__WHAT NEEDS TO BE DONE__
Once the line holding "Condominium for Sale" is found, output it and all remaining lines of the data exactly, with every picture left out.

───── DATA SHOWN ─────

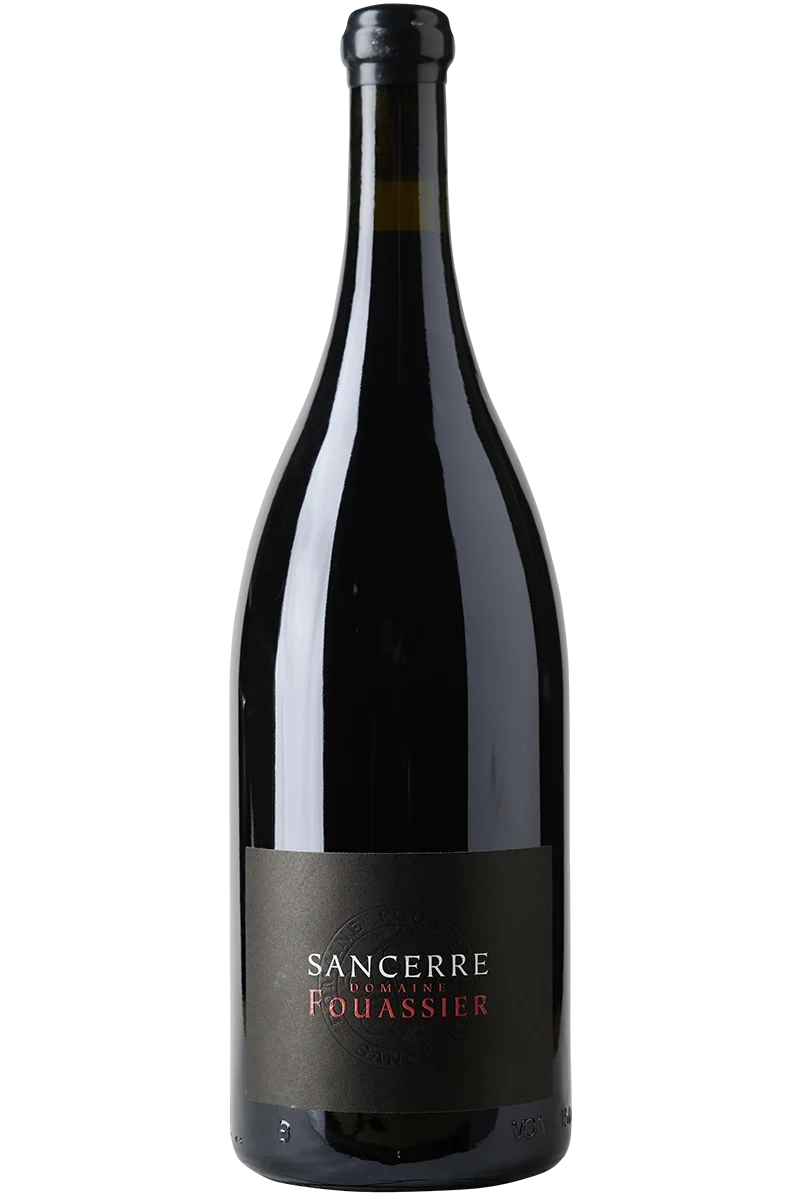 Sancerre Rouge AOC 2022 Bio 1500ml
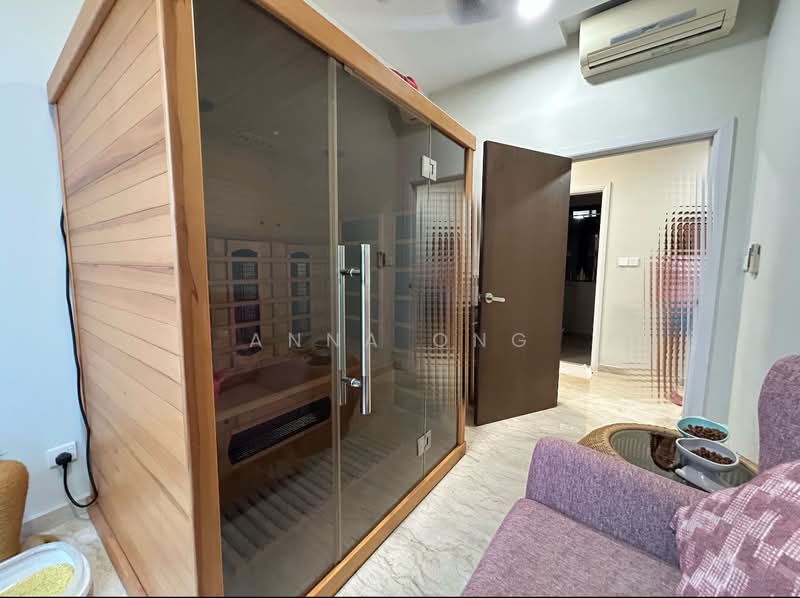 Condominium for Sale at Casa Green Condominium - Anna Ong - Interior - PropertyGuru.com.my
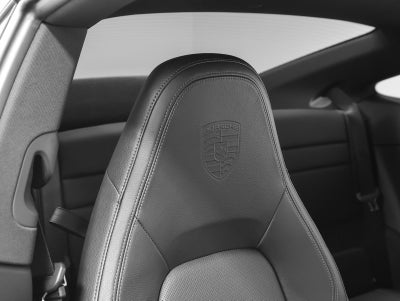 2020 Porsche 911 Carrera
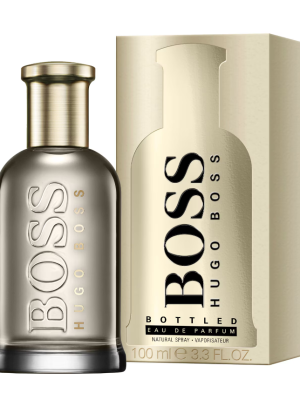 Hugo Boss Bottled Eau de Parfum 100ml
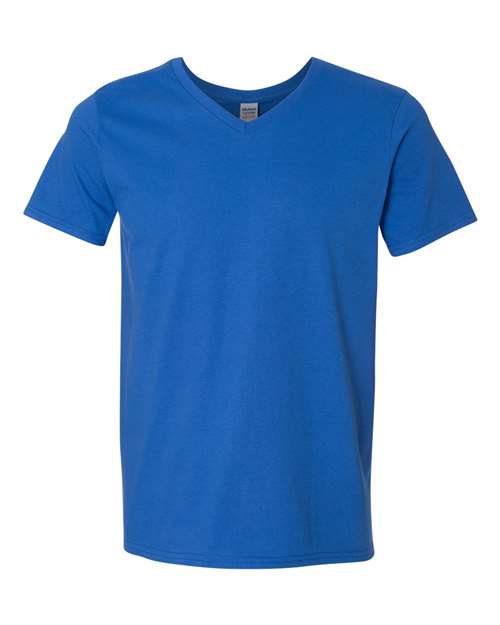 2 for $25 V Neck Soft Style Tshirt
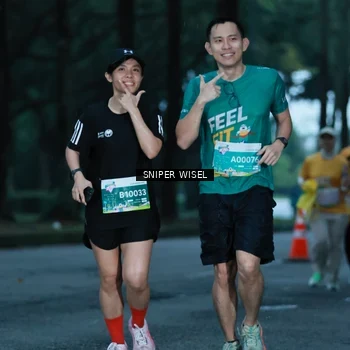Runner Photo 7746634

─────

__RESPONSE__
 Condominium for Sale at Casa Green Condominium - Anna Ong - Interior - PropertyGuru.com.my
 2020 Porsche 911 Carrera
 Hugo Boss Bottled Eau de Parfum 100ml
 2 for $25 V Neck Soft Style Tshirt
Runner Photo 7746634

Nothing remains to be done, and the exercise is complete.